Princípio da Dignidade da Pessoa Humana
É o fundamento da República Federativa do Brasil (art. 1º, III, da CF). Todos os demais direitos fundamentais são derivados desse princípio. A dignidade humana significa que cada pessoa é um fim em si mesma, não podendo ser reduzida a objeto ou instrumento.
No direito previdenciário, a dignidade exige que o sistema garanta o mínimo existencial (condições mínimas de subsistência). Ao assegurar a pensão por morte à menor sob guarda, o STJ protegeu sua dignidade, evitando que ela ficasse em situação de rua ou miséria. O princípio também veda tratamentos cruéis ou degradantes.
Reserva do Possível
Princípio contraposto ao da proibição de retrocesso. Significa que o Estado só pode garantir direitos sociais na medida de sua disponibilidade orçamentária e financeira.
Porém, o STJ fez ressalvas importantes: a reserva do possível não pode ser usada como justificativa genérica para o não cumprimento dos direitos fundamentais, especialmente quando se trata de crianças.
O tribunal citou doutrina que alerta para o uso indevido desse princípio em países periféricos. No caso concreto, o INSS não demonstrou que a concessão da pensão geraria um desequilíbrio insustentável ao sistema; portanto, prevaleceu o direito da criança.
Interpretação Conforme a Constituição
Técnica de hermenêutica constitucional pela qual o juiz ou tribunal, diante de uma lei que admite mais de uma interpretação possível, escolhe aquela que torna a lei compatível com a Constituição, em vez de declará-la inconstitucional. Essa técnica preserva o ato normativo e evita a declaração de nulidade.
No voto do Ministro Napoleão Nunes Maia Filho, ele afirma que não era necessário declarar inconstitucional o art. 16, § 2º, da Lei 8.213/91 (com redação da Lei 9.528/97). Bastava interpretá-lo em conjunto com o art. 33, § 3º, do ECA, concluindo que o menor sob guarda permanece dependente. Assim, a lei previdenciária foi interpretada conforme a Constituição.
Hipossuficiência
Termo que designa a condição da parte mais fraca na relação processual ou material, que carece de recursos financeiros, culturais ou jurídicos para defender seus interesses.
O menor de idade, especialmente sob guarda, é considerado hipossuficiente por sua condição de vulnerabilidade. No direito previdenciário, a hipossuficiência é presumida, o que garante ao segurado benefícios como a justiça gratuita e a inversão do ônus da prova em alguns casos. O julgamento destacou que a Previdência Social deve proteger justamente os hipossuficientes, não podendo excluí-los por formalismos.
Ativismo Judicial
É a postura do Judiciário que, em certas situações, decide questões de fundo social ou político que tradicionalmente seriam do Legislativo ou Executivo, sob o argumento de que os outros poderes estão omissos ou violam direitos fundamentais.

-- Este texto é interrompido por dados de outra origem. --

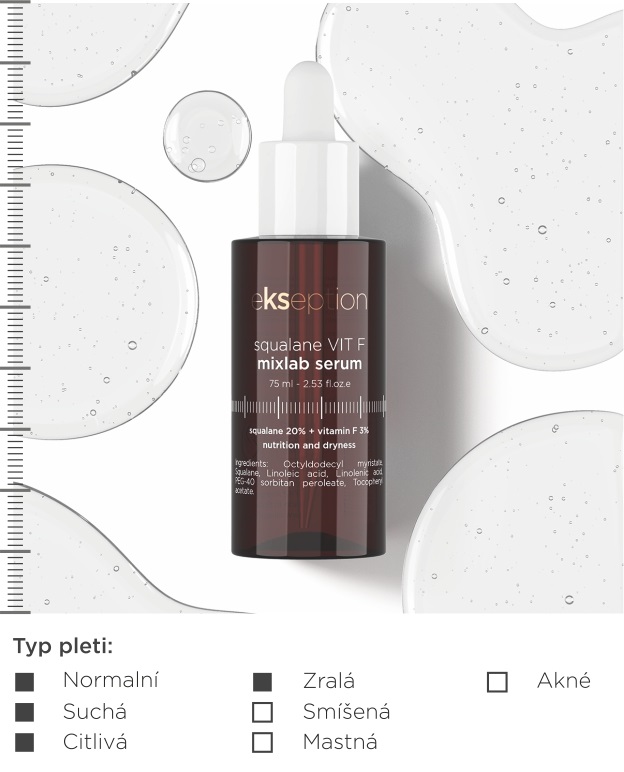 EKSEPTION Squalane vit. F - sérum pro obnovu lipidové bariéry 75 ml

O julgamento do REsp 1.411.258/RS é frequentemente citado como exemplo de ativismo judicial benéfico, pois o STJ, mesmo diante de uma lei restritiva, agiu para garantir um direito social à criança. Porém, a própria corte justificou sua atuação com base nos princípios constitucionais (proteção integral, prioridade absoluta) e na lacuna deixada pelo legislador, afastando a pecha de ativismo desmedido.
Seguridade Social
Conceito amplo que engloba saúde, previdência social e assistência social (art. 194 da CF). É um sistema integrado de proteção social, financiado pela sociedade (orçamento da seguridade social). A previdência social é um dos pilares da seguridade, destinada a quem contribui.
A pensão por morte faz parte da previdência social. A decisão do STJ ao garantir o benefício ao menor sob guarda também fortalece a seguridade social como um todo, pois confirma a função protetiva do sistema, indo além do mero equilíbrio atuarial.
Este glossário foi elaborado com base nos principais conceitos jurídicos mencionados ou implicitamente relevantes para o julgamento do REsp 1.411.258/RS e para o direito previdenciário, processual e da criança e do adolescente, conforme solicitado.